## EXERCISE INPUT

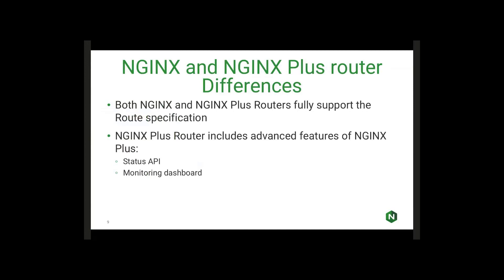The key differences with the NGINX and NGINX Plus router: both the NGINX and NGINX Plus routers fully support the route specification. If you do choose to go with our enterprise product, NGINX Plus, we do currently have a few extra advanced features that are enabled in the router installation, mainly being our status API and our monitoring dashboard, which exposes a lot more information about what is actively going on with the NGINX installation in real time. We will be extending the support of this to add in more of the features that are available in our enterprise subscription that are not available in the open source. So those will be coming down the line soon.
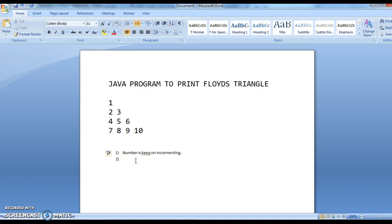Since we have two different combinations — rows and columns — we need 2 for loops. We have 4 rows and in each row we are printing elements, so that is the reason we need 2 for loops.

==

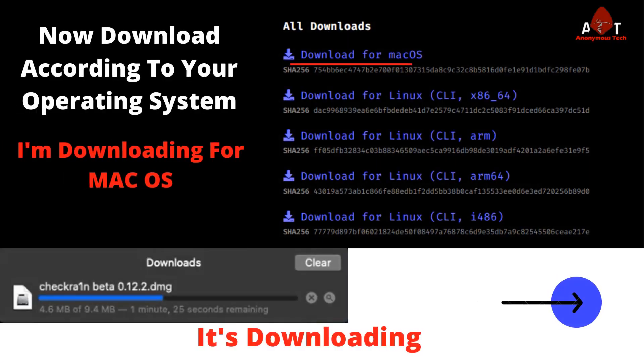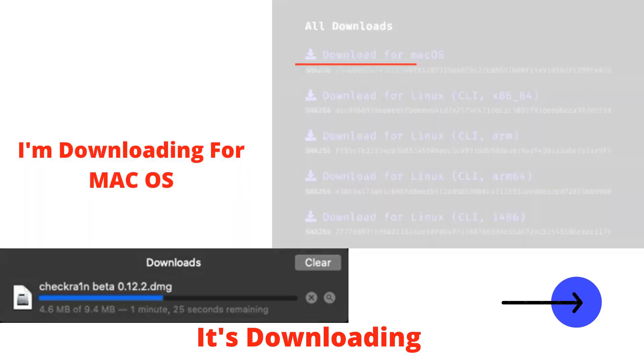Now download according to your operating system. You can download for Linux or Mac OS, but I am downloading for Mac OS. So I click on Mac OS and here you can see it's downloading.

## WHAT YOU HAVE TO DO
The answer should consist only of the lines above from the one with "The key differences" through the one with "Since we have", repeated exactly, with no pictures among them.

## TASK SOLUTION
The key differences with the NGINX and NGINX Plus router: both the NGINX and NGINX Plus routers fully support the route specification. If you do choose to go with our enterprise product, NGINX Plus, we do currently have a few extra advanced features that are enabled in the router installation, mainly being our status API and our monitoring dashboard, which exposes a lot more information about what is actively going on with the NGINX installation in real time. We will be extending the support of this to add in more of the features that are available in our enterprise subscription that are not available in the open source. So those will be coming down the line soon.
Since we have two different combinations — rows and columns — we need 2 for loops. We have 4 rows and in each row we are printing elements, so that is the reason we need 2 for loops.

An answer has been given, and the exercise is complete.